Las ideas de Hamilton sobre el destino de su país estaban condensadas en estas palabras de El Federalista: "Tener un verdadero ascendiente en los asuntos americanos". Desde el Congreso de la Confederación había pedido que se declarase que la navegación del río Mississippi era un derecho esencial de la nación, y siendo miembro del Gabinete del Presidente Washington, había dicho también que la libertad de navegar por dicho río era indispensable para la unidad del país. En 1798 y en 1799, en varias ocasiones, dijo algo más: manifestó que los Estados Unidos debían adquirir todo el Continente Septentrional, menos Canadá, pero incluyendo desde luego Louisiana y las Floridas. Su verdadero ideal, lo que ambicionaba, era que su patria se engrandeciera y dominara en el Norte, y que las diversas colonias de la América meridional se constituyeran en Repúblicas, unidas a los Estados Unidos por los lazos de la amistad y de la gratitud.
Una particularidad ofrece este asunto, y es la de que Hamilton, que tan esencial juzgaba el derecho a la navegación del río Mississippi, no creía que los Estados Unidos podían hacer valer sus peticiones en el campo del derecho internacional. A su juicio, desde el punto de vista jurídico, España podía disponer las medidas que juzgase oportunas; pero era tan necesario a los Estados Unidos el disfrute de las ventajas de la navegación, que era justo no sólo imponerlo, sino apoderarse de la Louisiana como medio de garantizar dicho disfrute. Jefferson, por el contrario, creía que había un derecho natural a la navegación del río, cualquiera que fuese la nación que poseyera sus márgenes; y quizás por esta razón, quizás por la convicción que abrigaba de que estaba el derecho de su parte, fué por lo que siempre confió en la posibilidad de un arreglo sin llegar a la guerra.
En manos del Presidente, y en las de la mayoría con que contaba en el Congreso, estaba la solución definitiva del problema. Los federalistas presentaron diversas proposiciones, que por considerarlas exageradas y un tanto comprometedoras fueron desechadas, y en definitiva se adoptó la que fué presentada por S. Smith, Representante por Maryland. Nada se decía en dicha proposición sobre el asunto de que se trataba.
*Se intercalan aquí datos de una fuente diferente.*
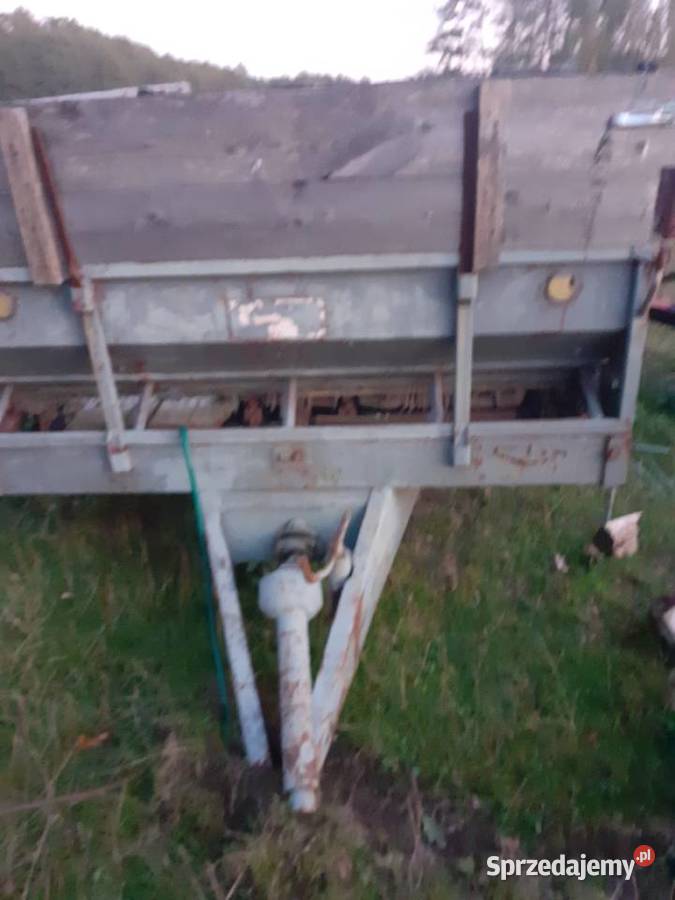 Rorzutnik obornika rosyjski podlaskie Kuźnica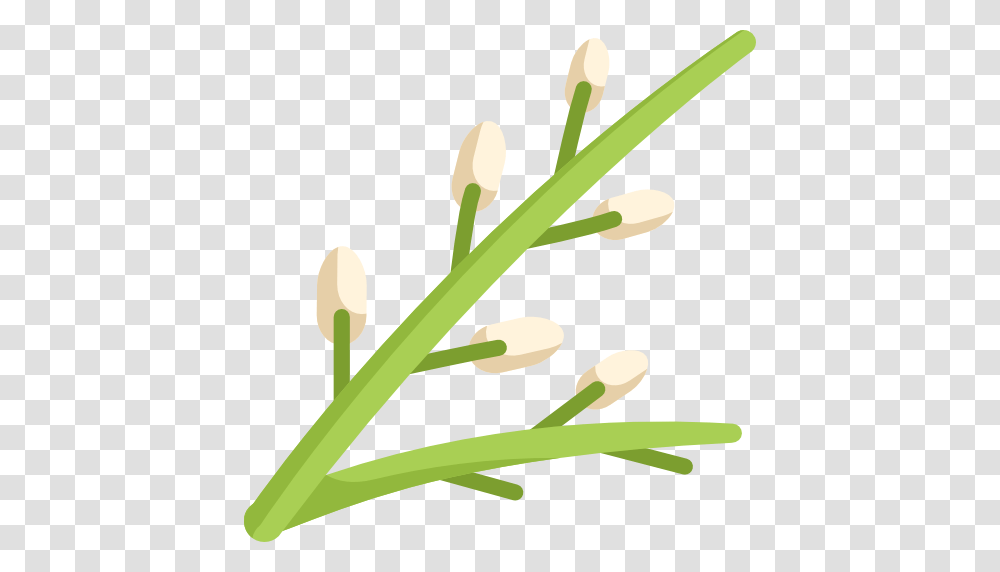 Willow, Plant, Potted Plant, Vase, Jar Transparent Png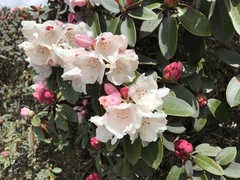 Rhododendron hyperythrum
Se juzgó discreto limitarse a autorizar al Presidente de la República para gastar hasta la cantidad de dos millones de pesos en las atenciones que se originaran.
A pesar de los términos de esta proposición, el Congreso, pocas semanas después, autorizó el alistamiento de ochenta mil voluntarios; y el propio Presidente no descuidó un detalle en los preparativos para la guerra, pues creía indispensable llegar a ella si fracasaban las negociaciones que se proponía iniciar. Jefferson no tenía otro propósito que el de obtener garantías, "que aseguraran los derechos e intereses de los Estados Unidos con respecto a la navegación del Mississippi y al territorio bañado por su ribera oriental". Así lo hizo constar en su Mensaje al Senado el 11 de enero de 1803. Para lograr esa finalidad, juzgó que lo más conveniente era comprar a Francia la parte situada al Este de la margen de dicho río, y a España la llamada Florida Occidental, ya que entre ésta y la Louisiana corría el Mississippi en la última parte de su curso. En ese sentido le confirió instrucciones a Robert R. Livingston, Ministro en París, y a Charles Pinckney, que lo era en Madrid. Además se nombró a James Monroe Enviado Extraordinario y Ministro Plenipotenciario, a fin de que actuara de acuerdo con aquellos dos.
No creían los comisionados que les fuera fácil conseguir sus propósitos, pues aunque la posesión de un sitio en la desembocadura del río Mississippi para depositar las mercancías, y la adquisición, además, de parte de la Florida Occidental, representaba muy poco para Francia, había llegado a noticias de aquéllos que Napoleón, en su afán de abatir el poder de Inglaterra, pensaba formar en América un imperio colonial más vasto e importante que el Canadá.